Analysis Services cubes and dimensions

An Analysis Services database contains dimensions and cubes. Dimensions are analogous to, and usually populated from, relational dimension tables. Cubes are analogous to and populated from relational fact tables. Most dimensions are shared between multiple cubes.

Cubes consist of two kinds of fact data: leaf level and aggregate. Leaf level facts are the most detailed fact data that are contained in the cube. Often, the grain of the cube is the same as the grain of the fact table from which the cube is sourced. In other words, the cube contains as many leaf level rows as the relational source table. Other times, the grain of the cube is higher than the grain of the source fact table: the bottom-most level of the cube is in effect an aggregate of the source fact table.

Aggregates are optional, although creating useful aggregates is the single most important way to improve cube query performance.

Cube fact data and aggregate data created by Analysis Services are stored in one or more partitions.
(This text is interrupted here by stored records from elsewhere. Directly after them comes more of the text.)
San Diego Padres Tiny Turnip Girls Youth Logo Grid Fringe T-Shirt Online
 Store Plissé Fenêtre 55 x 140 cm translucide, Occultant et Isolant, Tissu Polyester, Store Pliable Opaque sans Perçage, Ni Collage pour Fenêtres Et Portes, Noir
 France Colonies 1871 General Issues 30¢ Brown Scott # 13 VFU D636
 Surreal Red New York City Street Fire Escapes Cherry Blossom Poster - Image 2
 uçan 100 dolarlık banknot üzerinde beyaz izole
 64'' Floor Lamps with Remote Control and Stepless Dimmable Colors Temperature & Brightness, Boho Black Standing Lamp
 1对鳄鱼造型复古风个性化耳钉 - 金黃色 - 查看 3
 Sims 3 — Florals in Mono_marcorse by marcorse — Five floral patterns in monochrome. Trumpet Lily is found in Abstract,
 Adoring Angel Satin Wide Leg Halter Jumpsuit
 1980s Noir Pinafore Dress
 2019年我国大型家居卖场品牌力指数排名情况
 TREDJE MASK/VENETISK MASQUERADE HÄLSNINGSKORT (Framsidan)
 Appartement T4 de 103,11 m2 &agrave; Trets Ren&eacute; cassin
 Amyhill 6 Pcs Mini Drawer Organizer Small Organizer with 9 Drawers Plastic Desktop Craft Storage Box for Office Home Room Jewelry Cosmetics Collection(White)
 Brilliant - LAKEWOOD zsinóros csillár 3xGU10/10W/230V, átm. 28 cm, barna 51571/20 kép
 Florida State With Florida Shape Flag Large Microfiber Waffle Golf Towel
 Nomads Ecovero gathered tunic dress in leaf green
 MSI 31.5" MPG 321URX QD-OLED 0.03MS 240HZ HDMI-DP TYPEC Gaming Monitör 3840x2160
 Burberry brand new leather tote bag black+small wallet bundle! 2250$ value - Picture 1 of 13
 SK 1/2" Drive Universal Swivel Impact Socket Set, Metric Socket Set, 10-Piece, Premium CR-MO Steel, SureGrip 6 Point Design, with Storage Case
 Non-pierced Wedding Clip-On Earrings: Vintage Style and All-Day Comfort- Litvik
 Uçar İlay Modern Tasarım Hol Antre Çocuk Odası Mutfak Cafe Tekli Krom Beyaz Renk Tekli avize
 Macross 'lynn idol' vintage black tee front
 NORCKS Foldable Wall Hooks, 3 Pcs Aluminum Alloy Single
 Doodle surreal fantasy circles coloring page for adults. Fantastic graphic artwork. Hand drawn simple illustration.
If a cube has multiple partitions, it is usually partitioned along a dimension that is often used for slicing in queries. Time is the most common partitioning dimension. As discussed in the Analysis Services Performance Guide, partitioning is valuable for improving both query and processing performance, as well as cube manageability. A partitioned cube can:

  • Process multiple partitions in parallel.

  • Have a different aggregate design for each partition.

  • Have a different storage mode for each partition.

  • Improve query performance through partition elimination from the query.

Partitioned cubes are strongly recommended. This feature requires the Enterprise Edition of SQL Server 2000.

Analysis Services processing

If you were to fully process an Analysis Services database, the first step is to process the dimensions. In almost all cases, the dimension data are pulled from the relational database into the Analysis Services engine, validated, and written to the analysis server in the Analysis Services dimension format. The exception to this case, relational storage of dimensions, is discussed briefly later in this whitepaper. The next step is to fully process all the cubes in the database, also known as processing each partition in each cube. Cube partition processing itself consists of two steps: leaf fact processing, and aggregate processing.

Full processing is relatively unusual. After the initial load of historic data, the periodic (usually daily, weekly, or monthly) processing is incremental. Incremental processing consists of the same steps as full processing, but only dimension members and fact data that have been added to the relational store are processed.

Appendix A contains many references to detailed discussions of Analysis Services processing.

Analysis Services querying

An Analysis Services query is generated by a client tool such as Microsoft Excel® Pivot Tables. This query, in the Multidimensional Expression (MDX) language, is passed to a client or middle-tier component called PTS. PTS contains a data cache and resolves the query from that cache if possible. If the PTS cache does not contain the requested data, it makes a request of the analysis server.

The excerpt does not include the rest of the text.